--- Dataset records ---
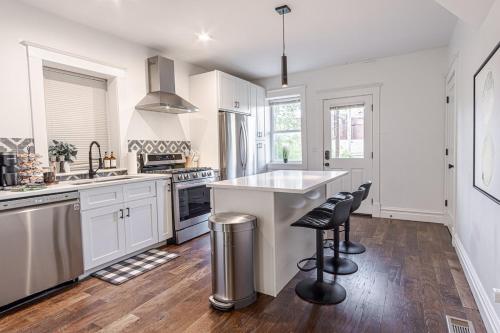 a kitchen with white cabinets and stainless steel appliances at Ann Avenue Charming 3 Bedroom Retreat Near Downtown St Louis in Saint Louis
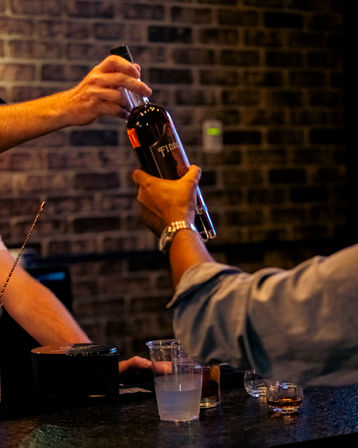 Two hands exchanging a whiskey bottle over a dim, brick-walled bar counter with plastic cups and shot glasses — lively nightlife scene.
---
--- Dataset records ---
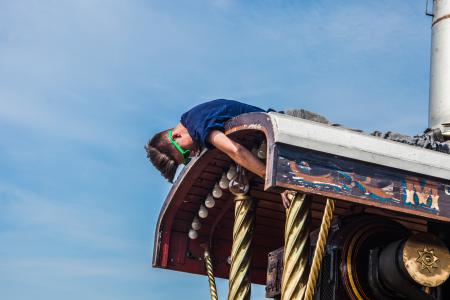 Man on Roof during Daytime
---
Using the data above, return the lines from the one holding "a kitchen with" through the one holding "Two hands exchanging" exactly, but not the pictures.

Answer for this exercise:
 a kitchen with white cabinets and stainless steel appliances at Ann Avenue Charming 3 Bedroom Retreat Near Downtown St Louis in Saint Louis
 Two hands exchanging a whiskey bottle over a dim, brick-walled bar counter with plastic cups and shot glasses — lively nightlife scene.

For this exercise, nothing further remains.